▸ Records supplied:

>>>>>

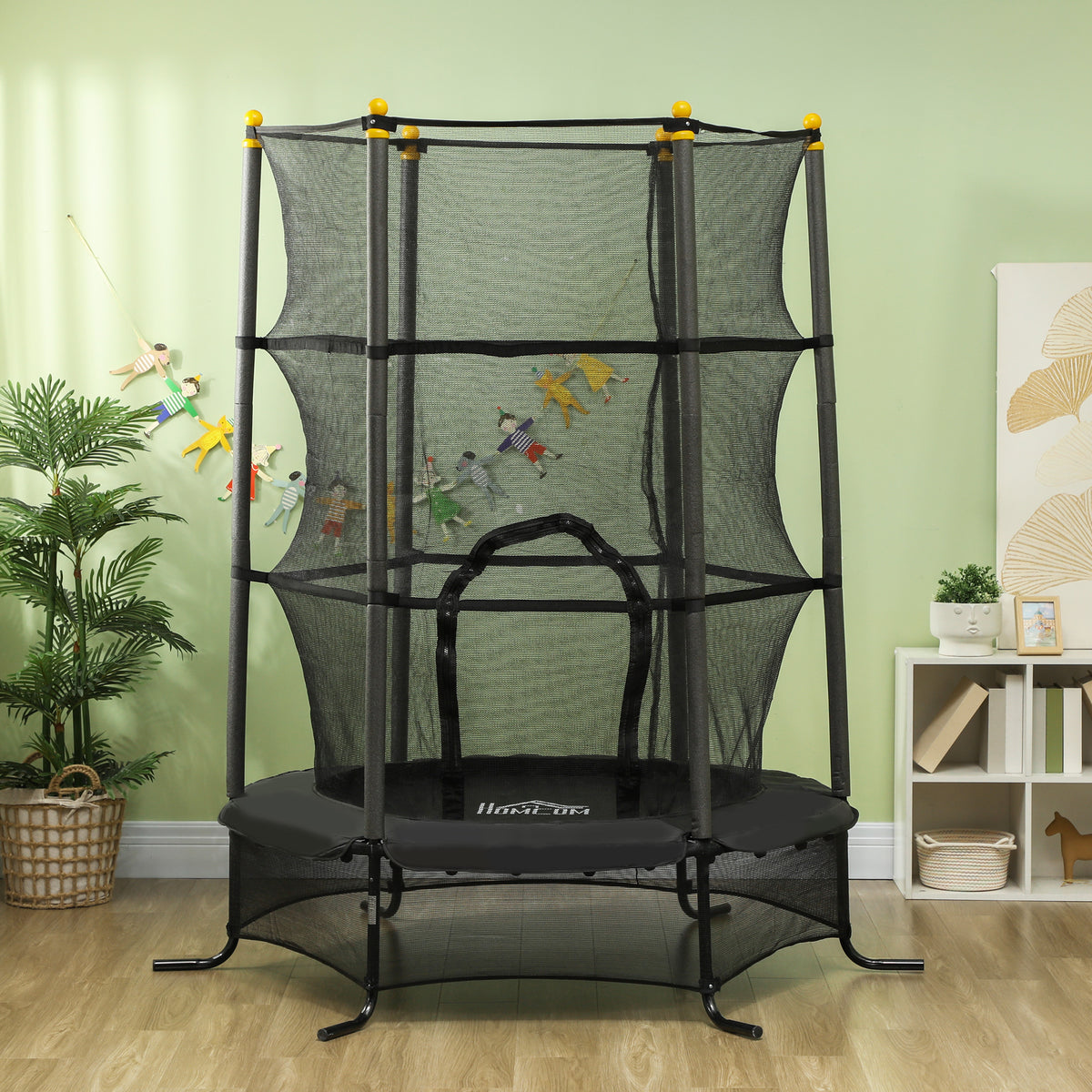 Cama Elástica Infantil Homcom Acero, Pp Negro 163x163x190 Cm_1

<<<<<
>>>>>

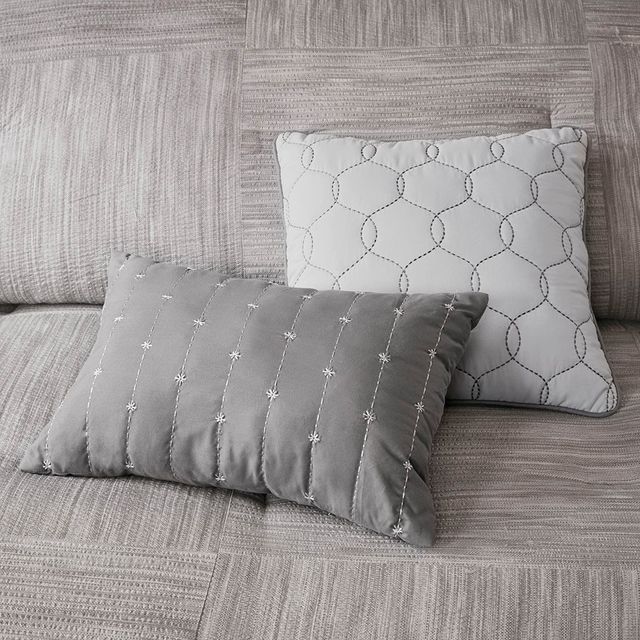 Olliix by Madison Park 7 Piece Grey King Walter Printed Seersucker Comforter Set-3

<<<<<
>>>>>

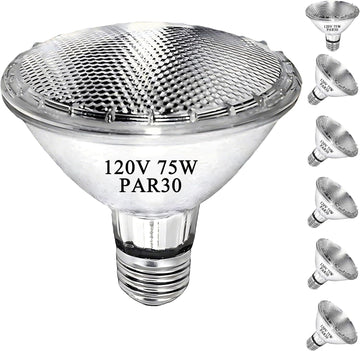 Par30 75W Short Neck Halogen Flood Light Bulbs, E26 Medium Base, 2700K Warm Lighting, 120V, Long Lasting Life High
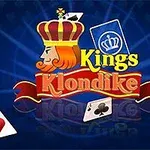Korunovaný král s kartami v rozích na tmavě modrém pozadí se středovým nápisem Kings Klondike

<<<<<

Skip every picture, and restate word for word only the lines above from the line containing "Par30 75W Short" to the line containing "Korunovaný král s", both of them included.

▸ Response below:
 Par30 75W Short Neck Halogen Flood Light Bulbs, E26 Medium Base, 2700K Warm Lighting, 120V, Long Lasting Life High
Korunovaný král s kartami v rozích na tmavě modrém pozadí se středovým nápisem Kings Klondike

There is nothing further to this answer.